The National Credit Union Foundation has teamed up with one of the largest financial think tanks in the country, the Center for Financial Services Innovation, to find a big idea to fund this year.

The foundation partnered with the CFSI after deciding earlier this year to move from a model where it funded a variety of ideas with smaller grants to one where it might fund an idea with potential applicability to many credit unions with one large grant.

The CFSI will help NCUF identify that proposed idea.

“What we wanted to do was to refocus our grant making on ideas with true industry-wide or national scope,” explained NCUF Executive Director Bucky Sebastian. “It seemed to us that the state foundations had the expertise and resources to fund the smaller grant proposals as well being closer to them. We should handle the larger proposals.”

Sebastian said NCUF chose CFSI because the organization already had a history of supporting some innovative credit union grant proposals, such as the effort to establish credit union branches that resemble check cashers as a way to make them more accessible to the unbanked, as well as PiggyMojo, an idea which pairs social networking and technology to get people to change their savings habits.

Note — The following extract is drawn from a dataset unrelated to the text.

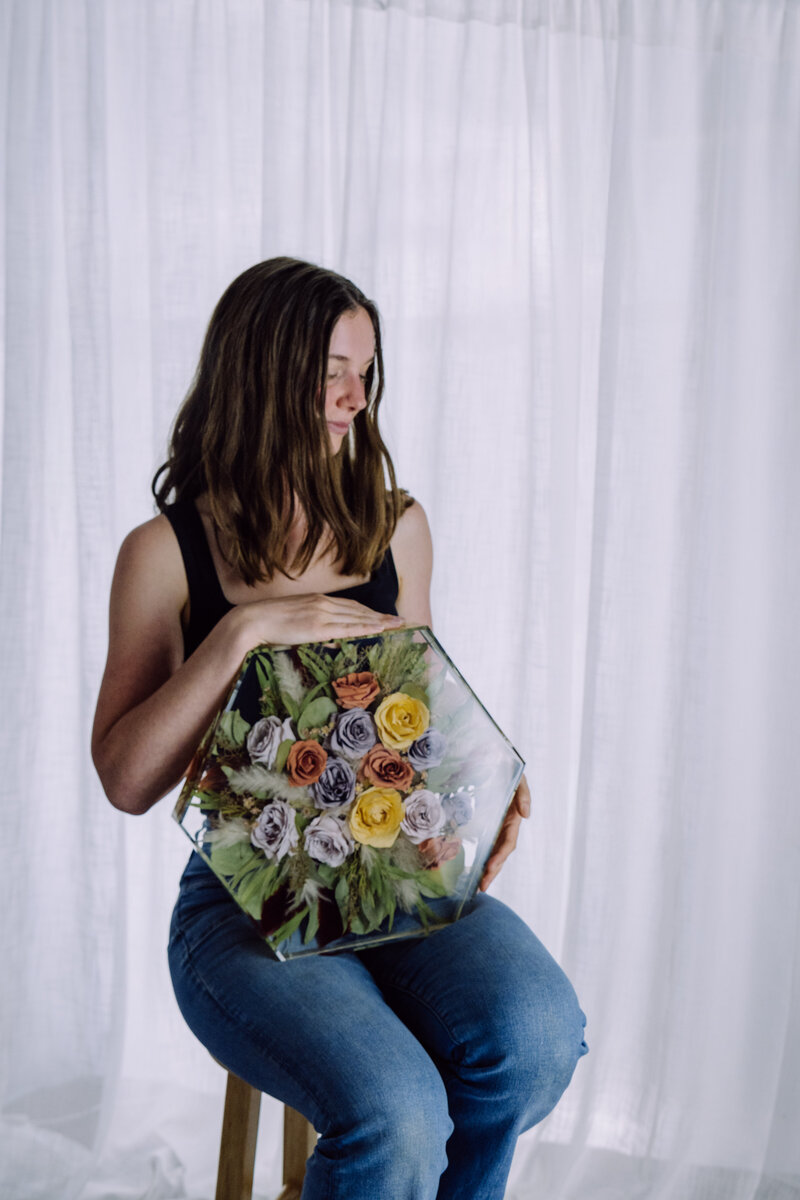 colorful resin bouquet preservation hexagon block held by the professional artist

“CFSI receives a plethora of groundbreaking proposals and we want to elevate the number of ideas proposed by our community,” Sebastian said. “We hope that a significant amount of proposals will stem from credit unions – working on their own or in concert with other organizations.”

The Financial Capability Innovation Fund is the specific funding vehicle the CFSI is using for this round of grant making. Sebastian said the organizations would consider grant applications and the Foundation may fund worthwhile proposals that CFSI cannot fund.

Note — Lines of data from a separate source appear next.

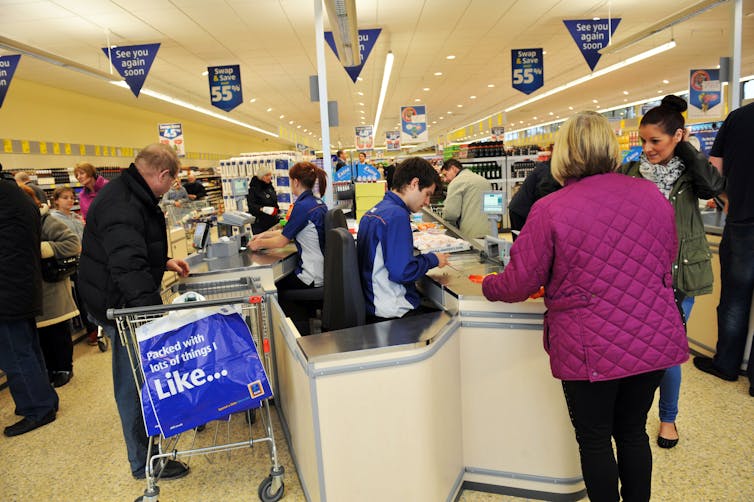 Shoppers and staff around an Aldi checkout in Leeds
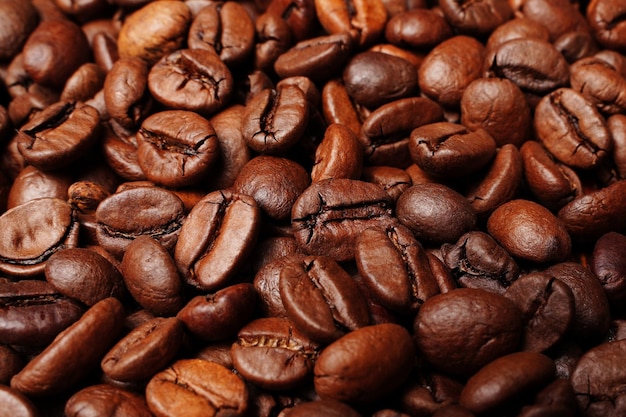 Zbliżenie makro grupa palonych brązowych lub czarnych ziaren kawy w tle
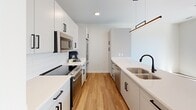 Located at 700 Semmes Ave in Richmond, Virginia, this thoughtfully designed one-bedroom, one-bathroom residence offers a clean, modern aesthetic throughout its efficiently utilized single-floor layout. Warm hardwood-style flooring runs continuously through the main living areas, complementing the crisp white walls and contemporary finishes that define the space.

The open-concept kitchen and living area serves as the heart of the home. The galley-style kitchen is outfitted with white flat-panel cabinetry accented by matte black hardware, a white quartz countertop, subway tile backsplash, stainless steel appliances, and a deep double-basin sink. A peninsula with built-in open shelving separates the kitchen from the living area, providing additional storage and a natural transition between spaces. Pendant lighting adds a polished finishing touch.

The bedroom is a bright, serene retreat featuring large sliding glass doors that open to a private balcony with views of the surrounding Richmond cityscape. A ceiling fan provides added comfort, and the room benefits from abundant natural light.

The bathroom is finished in a contemporary style with white subway tile surrounding the tub-shower combo, a sleek vanity with a white countertop and slate-blue cabinetry, matte black fixtures, and a large illuminated mirror. A dedicated laundry closet with a stacked full-size GE washer and dryer adds in-unit convenience.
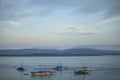 Beautiful view of Kamali Beach with traditional fishing boats in Baubau City, Southeast Sulawesi, Indonesia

“We received many interesting project ideas from credit unions in our previous grant-making rounds, and we are confident that credit unions will present even more innovative concepts this time,” said Sarah Gordon, vice president of advisory services and nonprofit investments at the CFSI.

Gordon said the CFSI has always taken an interest in credit unions and has even funded some successful ideas with credit unions where the organization's role is little recognized, including such as the Save to Win program where credit unions in Michigan tied sweepstakes participation to deposits in savings accounts.